The integrated modeling team will address connections between surface and subsurface hydrology by developing new high-performance computing (HPC) models that link these two (normally separate) domains. Integrated process simulation tools will improve predictive understanding of hydrological processes and identify emergent research focus areas. We will build coupled surface/subsurface simulation tools that operate on temporal domains ranging from minutes to years and spatial domains ranging from point (infiltration) to basin (river discharge; groundwater recharge) using parallel computing resources. Initial modeling efforts will be on the adaptation of existing coupled models, which will inform our field instrument deployment.

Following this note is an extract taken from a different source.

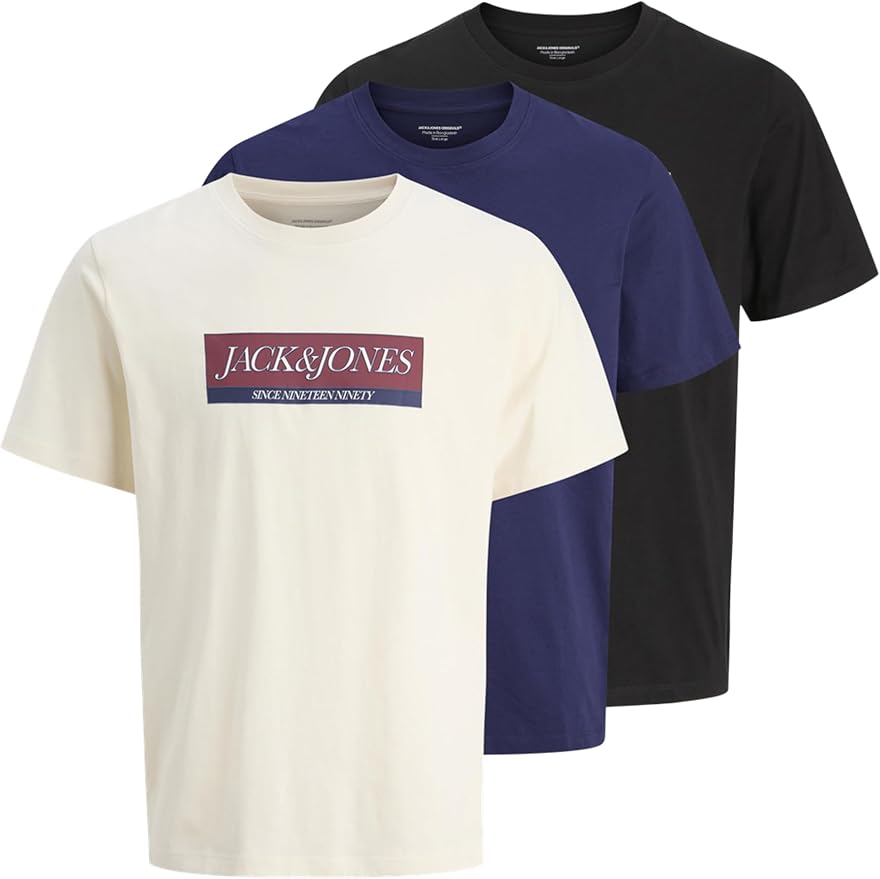 JACK & JONES Jorinwood Block Branding Tee SS Cn3Pk MP (Lot de 3) Homme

Central to our goals is the notion of “optimal complexity”– that is, how complex must a model be (or, equivalently, how simple can it be) to predict the flow characteristics of a watershed for a given purpose (Figure). Identifying the appropriate level of complexity is a challenge that can be addressed with high-performance computing, geophysical data, and field measurements. Hydrologic models (of both surface and subsurface) must balance simplicity with complexity in their conceptual and computational frameworks. We will determine appropriate levels of model complexity by incorporating high-density subsurface data from near-surface geophysics into novel HPC techniques and validating the results against geochemical and hydrological field data.

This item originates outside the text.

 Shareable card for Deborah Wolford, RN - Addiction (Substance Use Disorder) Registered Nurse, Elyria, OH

Figure. Optimum complexity in hydrological monitoring. Most hydrological models (left) involve oversimplified subsurface models based on sparse information. Additional data (center) allow increased detail. Comprehensive downhole, geophysical, surface hydrological and tracer data (right) enable much more realistic hydrological models. For a given problem, any one of the levels of complexity shown here might be sufficient; research must determine which level is appropriate for different objectives.